A few weeks ago, Kitzman sent a letter to each senator about what she said was the potential insolvency of Austinbased National Western Life Insurance Co.
The company is in a dispute with regulators in Brazil, who reportedly are seeking a $6 billion fine. Kitzman contends that National Western Life — which has officers and major shareholders from the influential and philanthropic Moody family — might not have enough money in the bank if the fine is collected.
She — along with the Brazilian government — has been trying to get confidential information from National Western Life.
Kitzman’s letter said her attempt was mischaracterized as “acting in the interest of foreign jurisdictions, not Texas citizens.” The information she is seeking, she wrote, “is no different than information requested from and provided by other insurers licensed in Texas.”
Although Kitzman apparently sent the letter in an attempt to head off criticism, it was the first time many senators had heard of the company or its dispute with Brazil.
Kitzman declined to answer questions about specific companies the Texas Department of Insurance regulates.
National Western Life President Ross Moody, whose family has been in Texas since the 1800s, responded with his own letter. “National Western is feeling strong pressure from TDI to comply with the wishes of a foreign government,” Moody wrote.

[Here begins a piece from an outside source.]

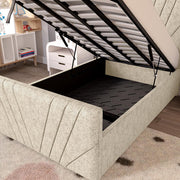 Fiji Kids Sunrise Upholstered Ottoman Bed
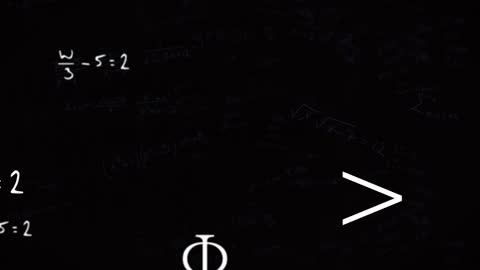 Dynamic Falling Mathematical Formulas and Symbols on Black Background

In a statement, Moody added that the company “already turned huge amounts of financial data over to TDI, and my staff and I are working hard to respond to the questions they continue to pose.”
The company also maintained in its annual report that “Brazilian insurance regulators have no jurisdiction.”

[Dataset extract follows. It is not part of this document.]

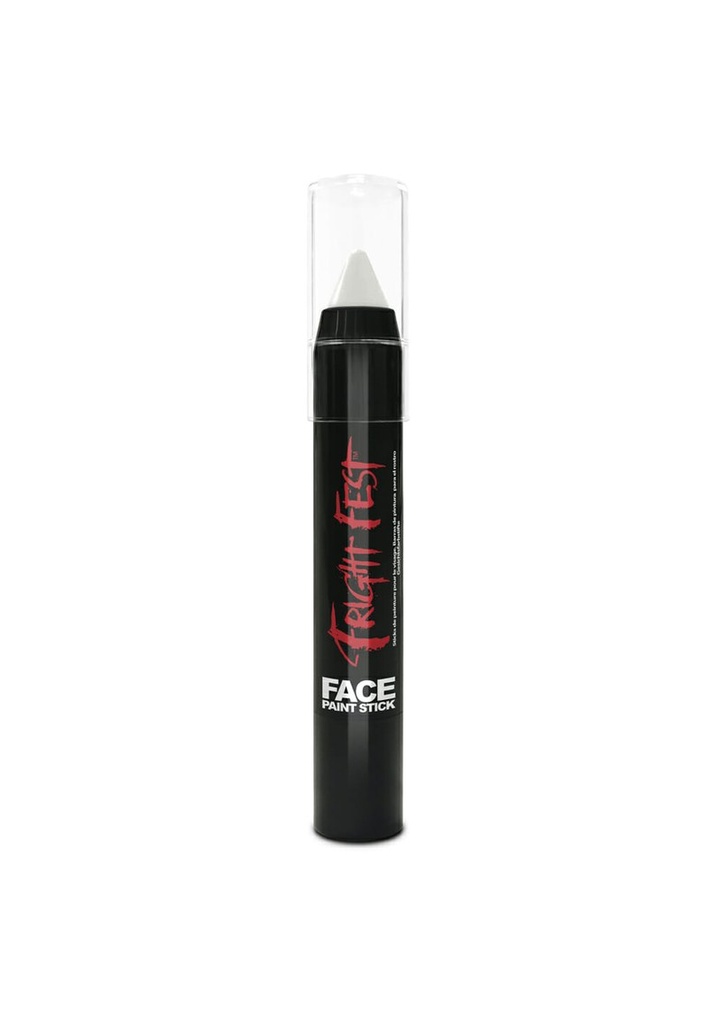 Fright Fest Face Paint Stick 3.5g - Ghost White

Many Democrats have accused Kitzman of being too pro-industry, and others have criticized her for actions involving the troubled Texas Windstorm Insurance Association, or TWIA, which is already under administrative oversight by Kitzman’s department due to problems processing a deluge of claims stemming from Hurricane Ike in 2008.

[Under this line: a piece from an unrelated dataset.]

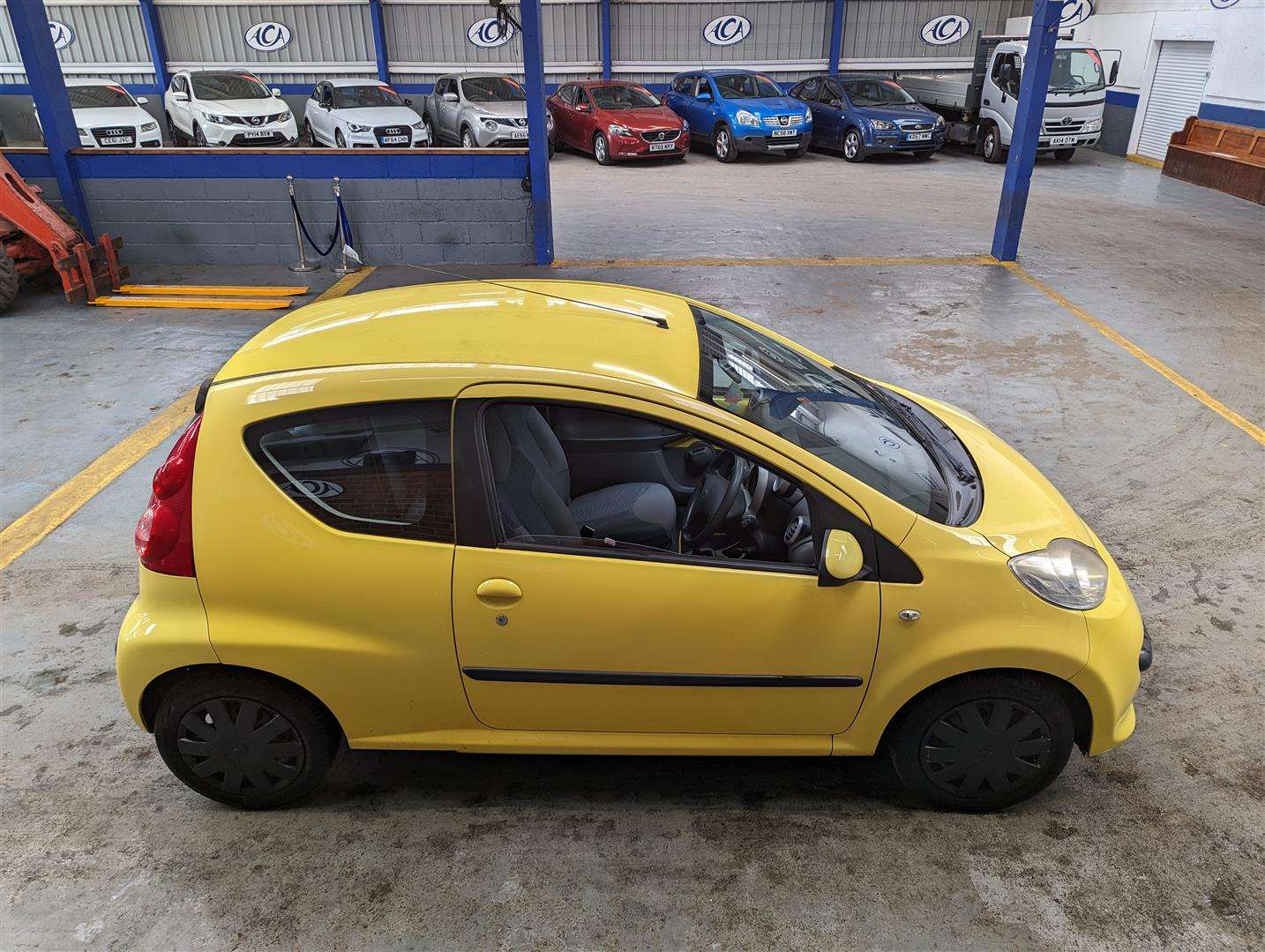 <p>2007 PEUGEOT 107 URBAN</p>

Recently, Kitzman took heat for a move to reel in 1,000 to 2,000 outstanding TWIA claims connected with Hurricane Ike by calling for TWIA to be put into a bankruptcylike condition called receivership.
Particularly upset were trial attorneys who say receivership is unpal- atable because it leads to longer delays in settling outstanding claims, especially when compared with agreed-upon settlements. Trial lawyers, many of whom have made contributions to many Democratic state senators, also have criticized Kitzman for pushing receivership after TWIA’s board declined to voluntarily accept it.
Additionally, Democrats, particularly state Sen. John Whitmire of Houston, have criticized Kitzman for her decision to spend nearly $2 million for Alvarez & Marsal, a New York-based consultant, to look into TWIA.
“I just think you’ve kind of, really lost control,” Whitmire told Kitzman at the time. “Or maybe you’re very much in control of the use of consultants.”
With tough talk under fire, Kitzman defended her decision, telling Whitmire that her staff knows about regulation, but not about operating an organization like TWIA.
Democrats have enough votes to torpedo Kitzman’s confirmation. Add in the Republicans upset about governmental overreach, and Kitzman is looking at a tough confirmation.
Gov. Rick Perry still hasn’t reappointed her. And the chairman of the Nominations Committee has said he won’t move on Kitzman’s confirmation until he sees a letter of reappointment.
It’s a far cry from the experience of Kitzman’s last two predecessors, who enjoyed easy confirmations and reappointments.
Still, Kitzman has her supporters.
“She’s, at times, blunt and a bit outspoken,” said state Sen. John Carona, R-Dallas, who counts himself a strong supporter. “It places a target upon her.”
But Carona said she’s also the most wellinformed insurance commissioner he has worked with.
“Eleanor Kitzman will do the right thing as she sees it, regardless of the fallout,” he said.